Vuoi gli ultimi dati Istat (in generale sull'immigrazione)? Eccoli: http://www.italiannetwork.it/news.aspx?id=16251

Fino qui un dato storico e uno statistico attuale. Poi le considerazioni che nascono dalla mia esperienza personale. Sono in costante contatto con persone immigrate da Egitto e Siria, discriminate e/o perseguitate nel loro Paese a causa della loro appartenenza alla religione cristiana. Continuano a spiegarmi, in estrema sintesi, che "voi occidentali siete pazzi. State spalancando la porta all'Islam senza fare resistenza. Fra pochi decenni vi troverete nella situazione nostra nei nostri Paesi". Un egiziano musulmano con cui mi sono trovato a discutere un giorno mi ha dato la stessa identica versione, ma vista dall'altra parte. Elettricista con un lavoro ben avviato a Milano, dopo aver parlato dell'Inter e della Juve ha iniziato, sempre con il sorriso sulle labbra, a spiegare che noi occidentali non possiamo comprendere loro, i fedeli. Perché noi non abbiamo più nessun dio se non i soldi, le donne, le auto e il calcio. Mentre loro, i fedeli di Allah, seguono il Corano e i dettami del Profeta. Per questo sono più forti di noi e presto vinceranno ovunque. Ha concluso con un panegirico sugli eroici martiri dell'11 settembre. Dopo di che ha preso sua moglie incinta (in Italia da dieci anni ma che non parlava una parola di italiano) e i suoi tre figli e mi ha salutato. E io, agnostico paganeggiante dichiarato e fiero di esserlo, sono rimasto a chiedermi dove sto sbagliando.

@frank (ma anche per Claudio): la Costituzione italiana, all'articolo 8, spiega che "le confessioni religiose diverse dalla cattolica hanno diritto di organizzarsi secondo i propri statuti, in quanto non contrastino con l'ordinamento giuridico italiano". Bene: come è noto, l'Islam non ha "statuti" ma solo il Corano.

Ora, se avete voglia, date un'occhiata qui e spiegatemi se tutto ciò contrasta o meno con l'ordinamento giuridico italiano.
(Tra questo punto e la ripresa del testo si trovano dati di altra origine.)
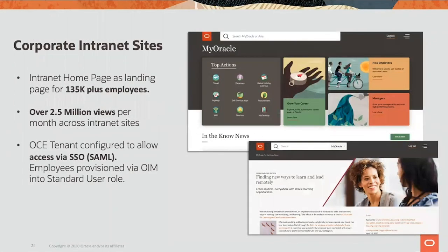The next use case in our intranet is a corporate intranet-level site. I have a screenshot of our intranet homepage developed using OCE. You can leverage it using the site builder capabilities of OCE, where you have a typical intranet web page built with a bunch of components that bring an experience together. The OCE tenant is configured to allow SSO via SAML and all user provisioning, so it is accessible only to Oracle employees as managed through our identity systems, part of OIM.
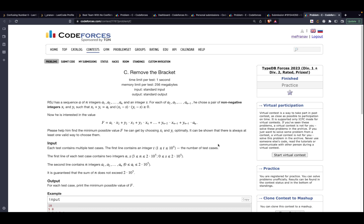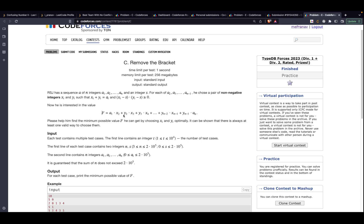The problem's name is 'Remove the Bracket' and it states that RSJ has a sequence a of n integers a1 up to an, and an integer s. For each integer a2 up to a(n-1), he would choose two non-negative integers xi and yi such that xi plus yi equals a of i, with the constraint that (xi - s) * (yi - s) >= 0. He wants to minimize the value f = a1 * (x2 + y2) * (x3 + y3) * ... * (xn-1 + yn-1) * an.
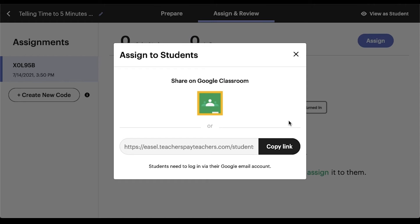Don't use Google Classroom? No problem. Instead of choosing Share on Google Classroom, select the option to Generate Link. You may be asked to confirm your school name and email. Then you can copy the link you generated and paste it into the learning management system you use, or in a direct email to assign it to your students.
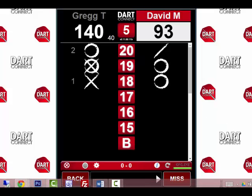Okay, that's all you need to know about how easy it is to correct scores in cricket using DartConnect. Once again, this is Greg with DartConnect. Thanks for watching our video. Visit our website at dartconnect.com for more information, and shoot well.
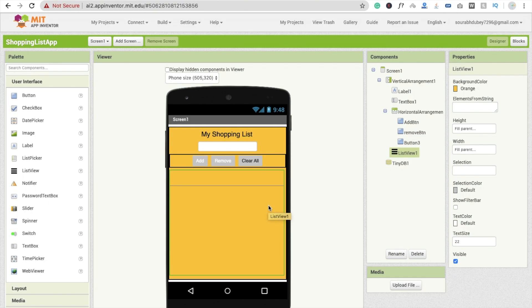Hi guys, this is Sarah. In the last tutorial we learned how to add items in a shopping list. In this tutorial we will learn how to remove items from the list and store these items in our mobile phone permanently.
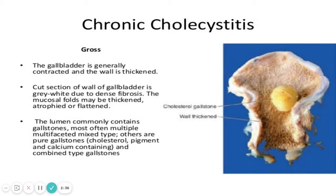On gross examination, the cholecystitis gallbladder is generally contracted and the wall is thickened. Normally the gallbladder wall is paper-like thin, but in cholecystitis the mucosa is thickened. The cut section of the gallbladder is gray-white due to dense fibrosis, and mucosal folds may be thickened, atrophied, or flattened. In the picture you can see a cholesterol gallstone with a thickened wall, indicating inflammation in the gallbladder.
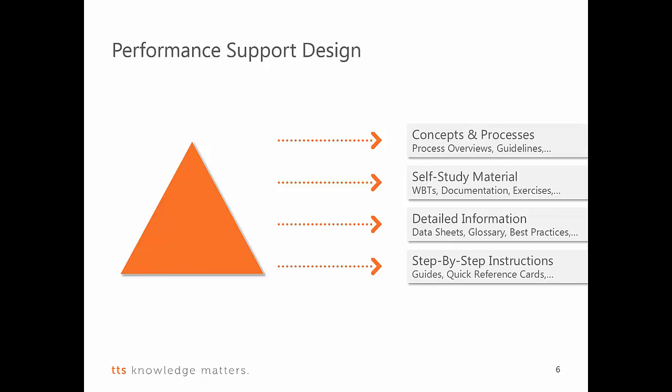Enough of theory, let's now look at our products. First of all, we start with the options an end user has got to access content in the moment of need. There are basically two options, the portal and quick access. I would like to start with quick access. In order to do this, I will switch to an IT application, in this case SAP.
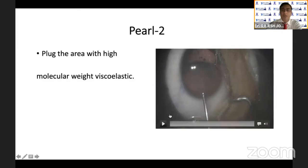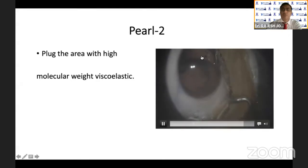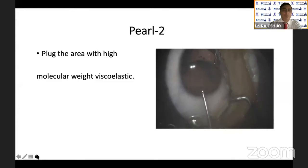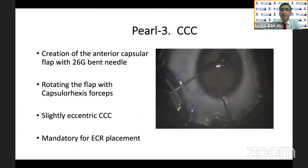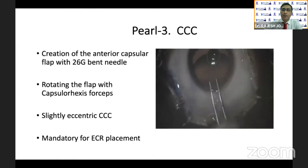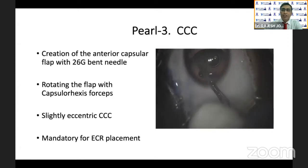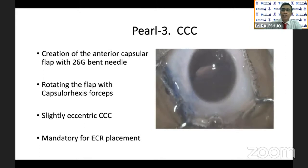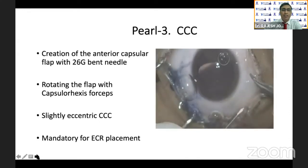Pearl number two: plug the area of dehiscence with high molecular weight viscoelastic to prevent vitreous loss. Pearl number three is CCC, which is mandatory for placement of the endocapsular ring. Creation of the anterior capsular flap with a 26-gauge bent needle is important — pinching the capsule can further compromise the zonules. Rotate the flap slightly eccentrically so that once you pull the bag with the capsular tension ring or capsular hook, the capsular axis comes into the center of the pupil.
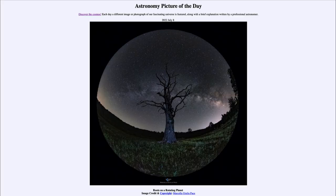Greetings and welcome to the introduction to astronomy. One of the things that I like to do in each of my introductory astronomy classes is to begin the class with the astronomy picture of the day from the NASA website, that is apod.nasa.gov/apod. Today's picture for July 8th of 2022 is titled 'Roots on a Rotating Planet.'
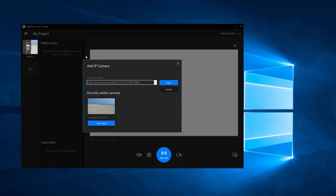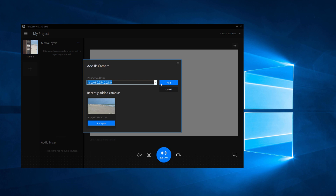Next, in the window that opens up, type in the IP address of the camera you need where it says IP Camera Address and click on Add. Or you can choose from the ones that have been added earlier and click on Add again.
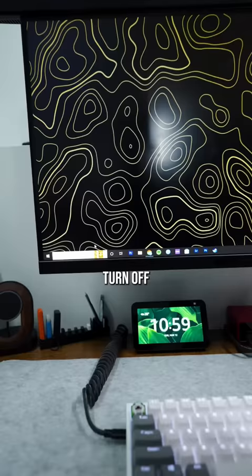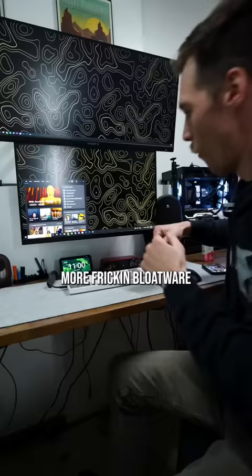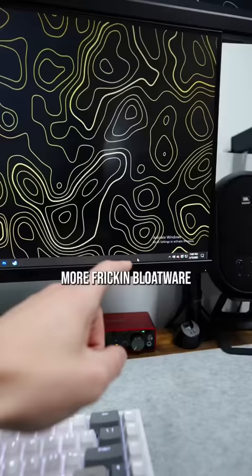Does your search bar look like this? And when you click it, it looks like this — more bloatware. Right-click your taskbar, go to Search, and turn off Show search highlights.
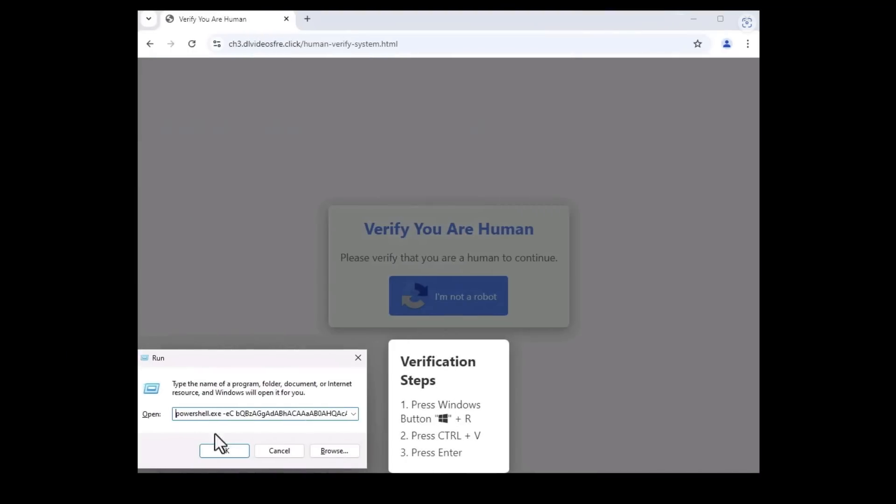So needless to say never type and run anything in your run window based on what a website recommends or for any kind of verification. That's not how verification works and don't assume that if a string of random characters is being pasted it doesn't mean anything.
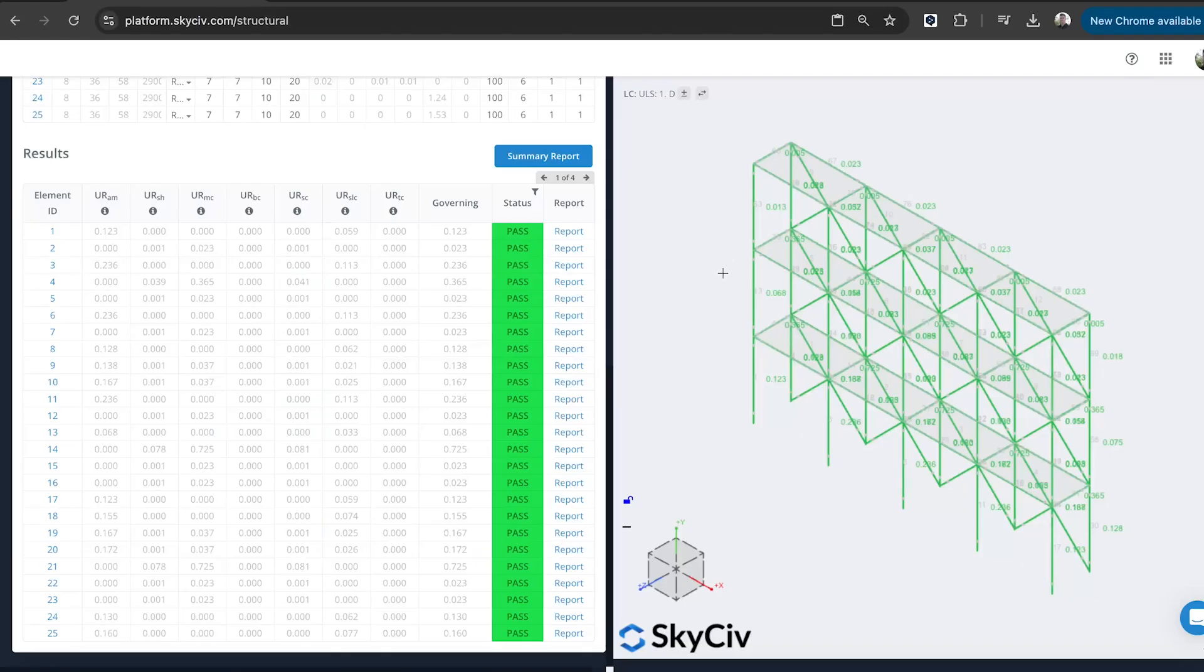So that's pretty much it. That's how easy it is to perform a design check on a scaffolding structure using SkySiv Structural 3D. Hope to see you on the platform. And if you have any questions, feel free to reach out at support@skysiv.com. Thank you.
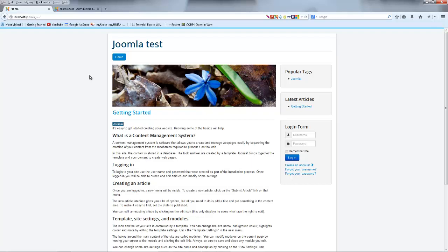Hey YouTube, how's it going? It's Quinton here and in this video I'm going to show you how to create a new article in Joomla.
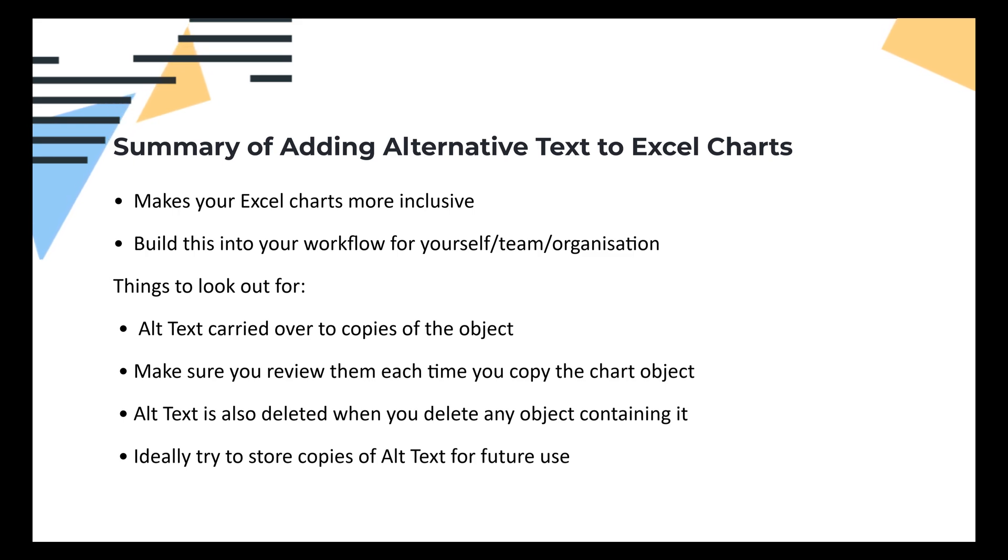Things to keep in mind are that alt text is carried over to copies of the object, so be sure to review them and adjust accordingly. Similarly, it's also deleted when you delete a chart object or any object with alt text. Ideally, try to store copies of the alt text in a document somewhere else for future reference and reuse.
http://www.youtube.com/watch?v=ouztv-tRPKM&feature=related

http://www.youtube.com/watch?v=wh7qiO3Ygnk&feature=related

http://www.youtube.com/watch?v=yl8g8S6F3do&feature=related

http://www.youtube.com/watch?v=mr-vt2DTCFw&feature=related

e qui mi fermo ma potrei andare avanti MOLTO a lungo. E se sono già stato MOLTO lungo mi scuso, ma sono abituato - nelle discussioni -ad argomentare.

saluti

gioann

ps @claudio: lascia perdere i tuoi amici e i ristoratori, nessuno te li tocca. Perché qui non siamo di fronte a un rapporto di tipo individuale ma ad una questione sociale, ed alle sue inevitabili pesanti ricadute sulla vita pubblica. Se non siamo in grado di comprendere questo punto basilare è inutile discutere oltre. E del tuo rispetto ne faccio volentieri a meno.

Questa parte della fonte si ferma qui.